ROSEMONT, Ill. (AP) — College Football Playoff expansion took another step forward as the full group of commissioners who manage the postseason system spent about six hours over two days digging into a proposed plan for a 12-team format.
“This is the beginning of a long, ongoing process,” Big 12 Commissioner Bob Bowlsby said Friday as he departed Big Ten headquarters. “It’s going to be months before we come to any closure on any of this.”
There is no announced timeline and the earliest expansion would be possible is likely 2023 if there are no big snags.
Last week, the CFP unveiled a plan to expand from four to 12 teams. Six spots would be reserved for the highest-ranked conference champions and and the other six would be at-large spots. The plan calls for first-round games played on campuses and quarterfinal and semifinal games played in bowls.
The detailed proposal was developed over two years by four members of the CFP management committee: Bowlsby, Southeastern Conference Commissioner Greg Sankey, Notre Dame athletic director Jack Swarbrick and Mountain West Commissioner Craig Thompson.
“You can imagine how many pages of notes I have on two years of work. And that’s what we’re trying to bring everybody else up to speed with,” Bowlsby said.
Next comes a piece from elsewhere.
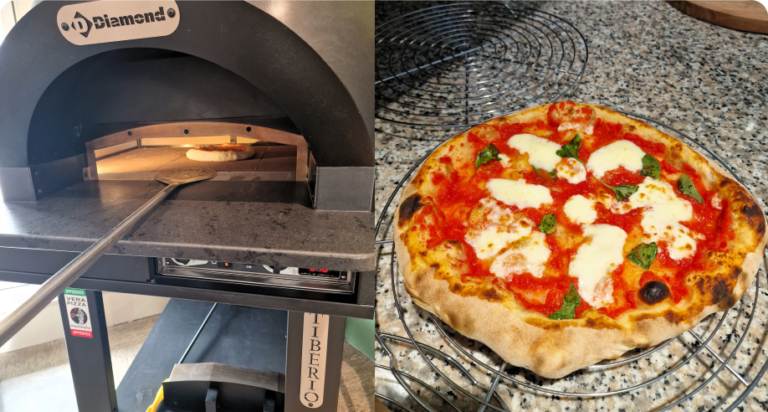 Neapolitanische Pizza Margherita frisch gebacken im Elektro-Pizzaofen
This week’s meeting was the first chance for the entire 11-person management committee to discuss the proposal in person. The other members include the commissioners of the Big Ten, Pac-12, Atlantic Coast Conference, American Athletic Conference, Conference USA, Sun Belt and Mid-American Conference.
“Four people of us were at one place. Now I think we have 11 of us at that place,” Bowlsby said. “Now, we move to talk to the presidents and see if we can get them at that place.”
Next week, the group reconvenes in Dallas to present the plan to the CFP’s Board of Managers, the university presidents who have final say on what would be a momentous change in college football, with financial ramifications for bowls and conferences alike.
Before anything becomes a done deal, the commissioners want to hear from their local constituents: athletic directors, coaches and players. What do they think about all this?
“This is an enormous undertaking with dozens and dozens of moving parts and it’s not going to be a rapid process,” Bowlsby said. “This is going to be at least (this) fall before we have the necessary conversations and possess the necessary information to make informed decisions.”